DATASET EXTRACT
--------------------

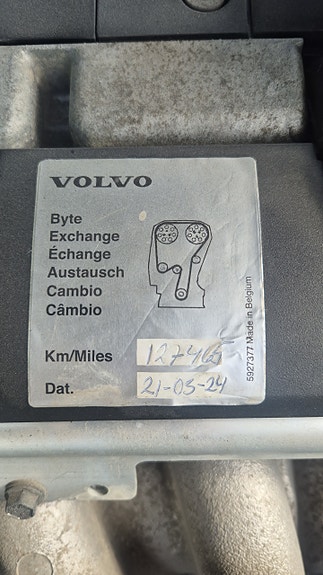 Volvo V40 6 of 6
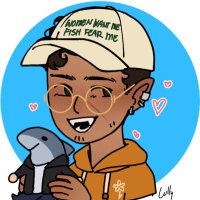 Nonno Quichocho 💍 (CHamoru Miku’s Grandpa) (@quarkchocho) 's Twitter Profile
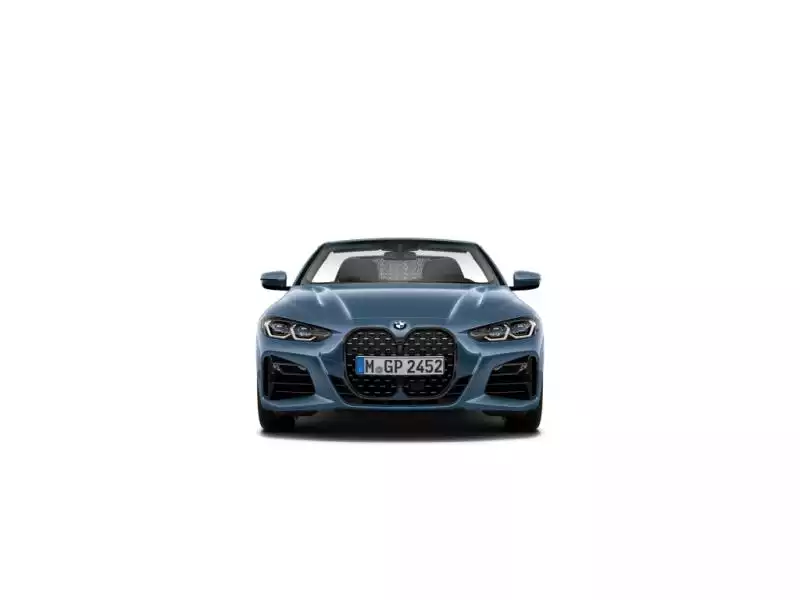 BMW 440 M440i xDrive Cabrio Kit M Sport - Photo 1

--------------------

WHAT YOU ARE ASKED TO DO
All of the material above needs to be restated exactly, with no pictures.

REPLY
 Volvo V40 6 of 6
 Nonno Quichocho 💍 (CHamoru Miku’s Grandpa) (@quarkchocho) 's Twitter Profile
 BMW 440 M440i xDrive Cabrio Kit M Sport - Photo 1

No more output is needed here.